Whereas, not all human language fits into command and indication. We have moods for expressing hopes, potentials, questions, and narratives. Would any of these be useful as programming constructs? Doubtfully. As long as the occasion of human-computer interaction—whether writing programs or using applications—is the satisfaction of human desires, such constructs would only frustrate that end.
Perhaps computers will become intelligent when we start thinking of them that way. It’s a high bar, because their behavior will constantly be compared with humans. Moreover, if the system’s status quo is an inactive state—powered down, sleeping, crashed, boot-looping, or waiting for user input (I’d link to David Ackley’s work if I weren’t so lazy)—and it is not self-sufficient to stay out of this state, it gives us little reason to recognize its existential sovereignty. A system that does not take responsibility for its own activities, but requires a third party to manage them, is not likely to be seen as intelligent.

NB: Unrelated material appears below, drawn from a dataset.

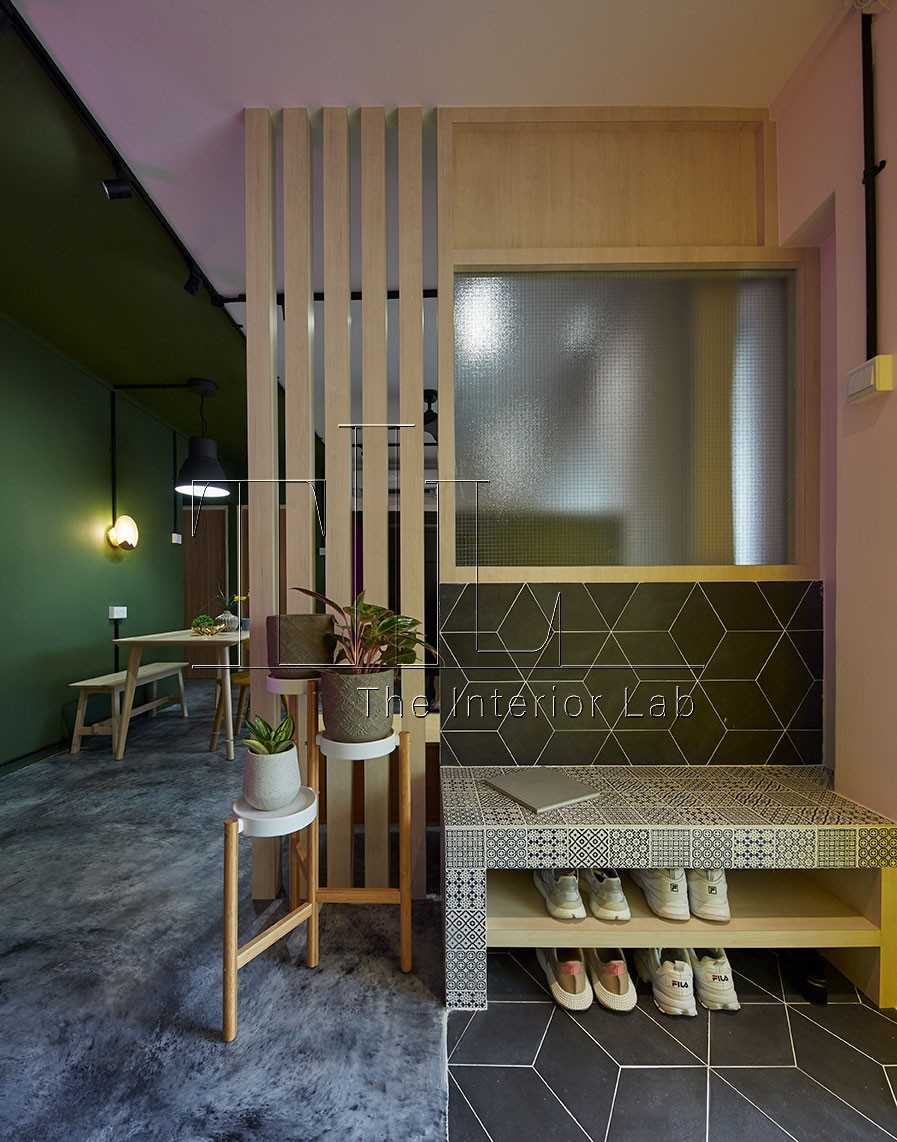 Eclectic Entryway with Seating Bench and Shoe Rack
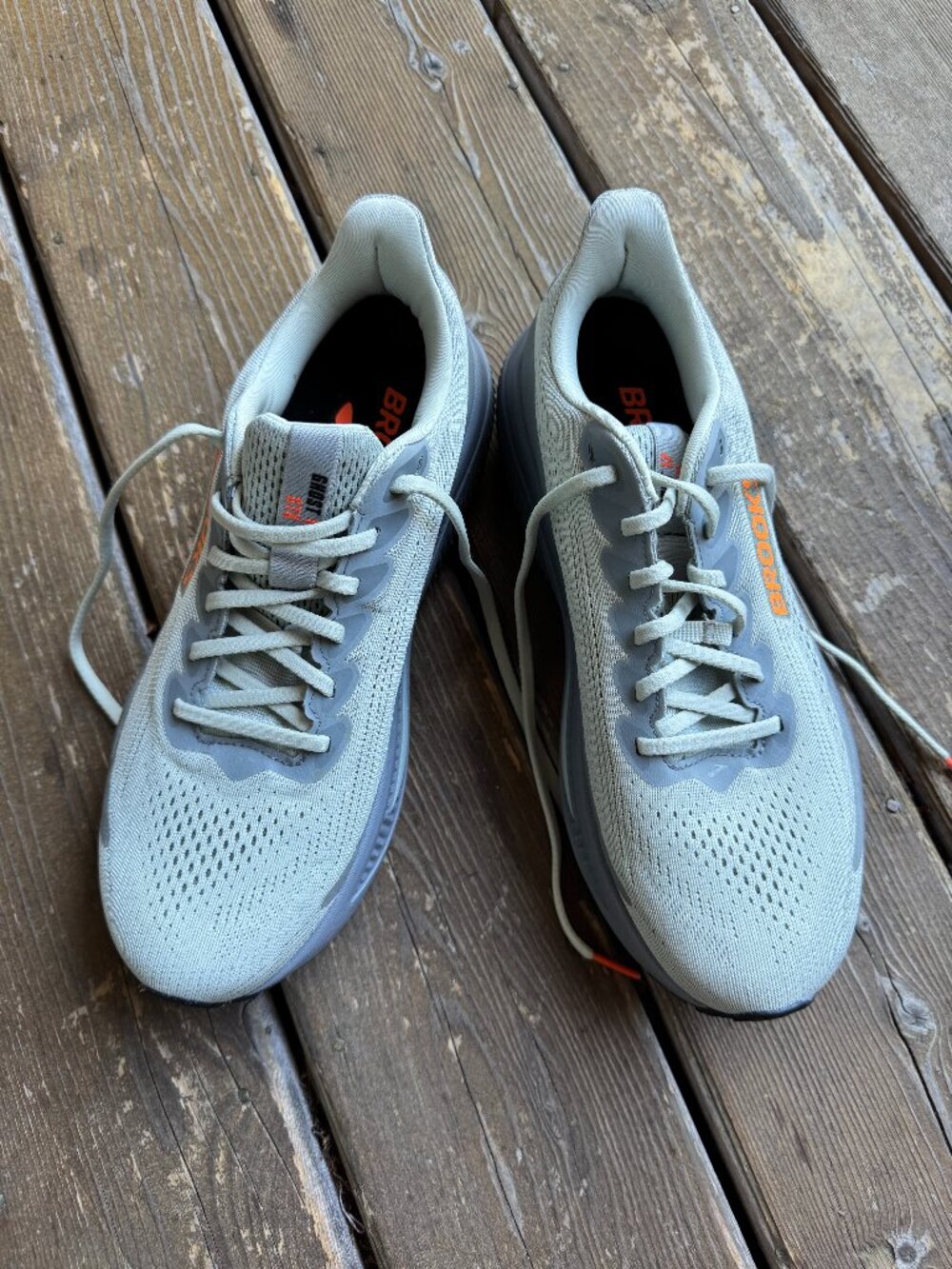 BROOKS Ghost 17 GTX Smoke-Primer Gray-Orange Running Shoes in Men's 9.5 - Picture 2 of 14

The artificial intelligence project can be seen as a confusion. To the programmer, the computer is playing no different a role than it ever has: it is the servant of the programmer. To the consumer or science fiction reader, the computer is to play some other role: a companion, enemy, or collaborator. But as long as the computer is dependent on its master-slave relationship with the programmer, it is simply an extension of the relationship between programmer and consumer.
That dependence is important, because it allows the programmer to act on behalf of the consumer, should the computer run afoul of human culture. We personify the computer, but as long as there is somebody around to control it, we only confuse ourselves in doing so.
An intelligent computer will have nothing like a von Neumann architecture (again, see Ackley); it will have no formally-defined communication protocols or languages with which to predictably change its behavior. That is, it will no longer be programmable. It will have no single point of failure. In its natural state, it will tend toward a self-sustaining status quo, not a subservient dormant state. Its energy will be organized around staying alive.
Merely simulating this appearance will not do; behind the curtain is someone pulling strings.